##### RECORDED DATA
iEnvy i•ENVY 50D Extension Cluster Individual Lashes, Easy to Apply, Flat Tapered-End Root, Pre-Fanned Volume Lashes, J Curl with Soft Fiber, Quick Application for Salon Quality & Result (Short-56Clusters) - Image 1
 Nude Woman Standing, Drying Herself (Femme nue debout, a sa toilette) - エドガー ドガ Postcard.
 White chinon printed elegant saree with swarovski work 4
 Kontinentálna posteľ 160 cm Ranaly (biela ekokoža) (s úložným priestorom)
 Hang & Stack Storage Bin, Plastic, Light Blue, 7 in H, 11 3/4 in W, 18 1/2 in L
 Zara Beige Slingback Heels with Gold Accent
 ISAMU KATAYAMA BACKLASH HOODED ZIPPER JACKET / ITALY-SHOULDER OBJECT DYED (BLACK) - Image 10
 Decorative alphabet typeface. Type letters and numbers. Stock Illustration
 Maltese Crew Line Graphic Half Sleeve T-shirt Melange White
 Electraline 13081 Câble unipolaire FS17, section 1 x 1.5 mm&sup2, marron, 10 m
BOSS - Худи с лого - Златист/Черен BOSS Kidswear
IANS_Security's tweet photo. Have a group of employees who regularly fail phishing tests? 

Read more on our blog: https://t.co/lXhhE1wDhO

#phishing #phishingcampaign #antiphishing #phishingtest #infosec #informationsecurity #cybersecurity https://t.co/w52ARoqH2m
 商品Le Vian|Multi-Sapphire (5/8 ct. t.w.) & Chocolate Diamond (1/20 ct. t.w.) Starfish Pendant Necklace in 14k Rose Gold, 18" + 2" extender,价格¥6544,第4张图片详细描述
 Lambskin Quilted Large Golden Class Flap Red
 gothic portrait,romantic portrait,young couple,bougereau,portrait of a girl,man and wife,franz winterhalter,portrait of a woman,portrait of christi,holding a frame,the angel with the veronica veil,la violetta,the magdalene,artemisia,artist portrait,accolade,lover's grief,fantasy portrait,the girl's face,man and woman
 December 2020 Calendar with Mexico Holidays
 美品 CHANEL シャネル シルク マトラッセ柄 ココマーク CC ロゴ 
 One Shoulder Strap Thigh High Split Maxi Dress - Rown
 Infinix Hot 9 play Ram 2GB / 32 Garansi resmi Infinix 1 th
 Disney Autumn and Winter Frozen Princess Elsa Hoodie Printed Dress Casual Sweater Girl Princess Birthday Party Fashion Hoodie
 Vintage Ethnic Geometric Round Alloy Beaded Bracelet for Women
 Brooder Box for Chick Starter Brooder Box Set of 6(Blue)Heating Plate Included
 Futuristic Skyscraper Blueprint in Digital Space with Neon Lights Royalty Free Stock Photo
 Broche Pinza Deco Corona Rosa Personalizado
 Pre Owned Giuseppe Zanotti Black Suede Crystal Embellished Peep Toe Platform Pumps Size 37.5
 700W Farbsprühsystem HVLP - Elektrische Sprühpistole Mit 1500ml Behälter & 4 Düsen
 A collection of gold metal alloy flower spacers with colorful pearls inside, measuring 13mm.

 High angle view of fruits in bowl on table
##########
### WHAT IS REQUIRED
The lines to retype run from the start of the entries through the line containing "IANS_Security's tweet photo."; reproduce them exactly and add nothing.

### RESPONSE TO THIS EXERCISE
iEnvy i•ENVY 50D Extension Cluster Individual Lashes, Easy to Apply, Flat Tapered-End Root, Pre-Fanned Volume Lashes, J Curl with Soft Fiber, Quick Application for Salon Quality & Result (Short-56Clusters) - Image 1
 Nude Woman Standing, Drying Herself (Femme nue debout, a sa toilette) - エドガー ドガ Postcard.
 White chinon printed elegant saree with swarovski work 4
 Kontinentálna posteľ 160 cm Ranaly (biela ekokoža) (s úložným priestorom)
 Hang & Stack Storage Bin, Plastic, Light Blue, 7 in H, 11 3/4 in W, 18 1/2 in L
 Zara Beige Slingback Heels with Gold Accent
 ISAMU KATAYAMA BACKLASH HOODED ZIPPER JACKET / ITALY-SHOULDER OBJECT DYED (BLACK) - Image 10
 Decorative alphabet typeface. Type letters and numbers. Stock Illustration
 Maltese Crew Line Graphic Half Sleeve T-shirt Melange White
 Electraline 13081 Câble unipolaire FS17, section 1 x 1.5 mm&sup2, marron, 10 m
BOSS - Худи с лого - Златист/Черен BOSS Kidswear
IANS_Security's tweet photo. Have a group of employees who regularly fail phishing tests? 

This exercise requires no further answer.